Debt fund investors should understand that the NAV of a debt fund can change in three primary ways: (a) To reflect the interest income the bond in the folio receive, the NAV will increase a little each business day. (b) Longer the duration of the bond in the portfolio, the more sensitive it will be to demand and supply changes. (c) NAV can change when the credit rating of the fund changes.
Update 20th March 2020: Also read:Why Liquid funds and money market funds also fell in the last few days
What happened in the bond market last week was a change in demand and supply. Foreign Portfolio Investors started selling Indian bonds resulting in a sudden loss of demand. When demand goes down, bond prices go down, the NAV goes down.

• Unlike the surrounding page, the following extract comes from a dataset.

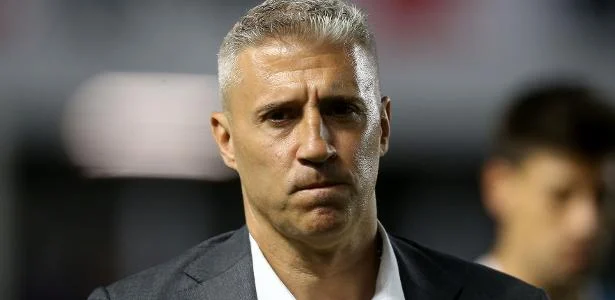 São Paulo terá dois jogadores a menos no banco contra o Fluminense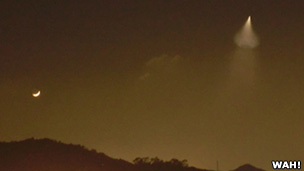 香港网友苑先生提供疑似中国导弹飞过图片（13/5/2013）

Market demand and supply is measured with the Bond yield = interest income/ current price. When prices fall, the yield shoots up. Longer the duration of the bond, more will be the fall in price if demand falls, more will be the increase in yield, more will be the fall in NAV.
It does not matter if the bond is gilt or AAA-rated. A sudden mismatch of sellers and buyers (sellers > buyers) will lead to a fall in the NAV. The image above shows how the five-year gilt yield shot up in the last few days resulting in trailing one-week (one-month) negative debt fund returns. It would also affect hybrid funds to varying extents.
The corresponding picture for the ten-year gilt is shown below. A corresponding and proportional variation will be in seen in bonds of different duration and different credit rating. Data source: Investing.com.
To understand how debt funds holding longer duration bonds are affected more, this is a plot of last one-week debt fund returns vs average portfolio maturity in years (x-axis). Data source: Value research.
Only funds holding short-term bonds like overnight funds, liquid funds, money market funds were largely spared. Notice how the fall in NAV increases as the average maturity increases.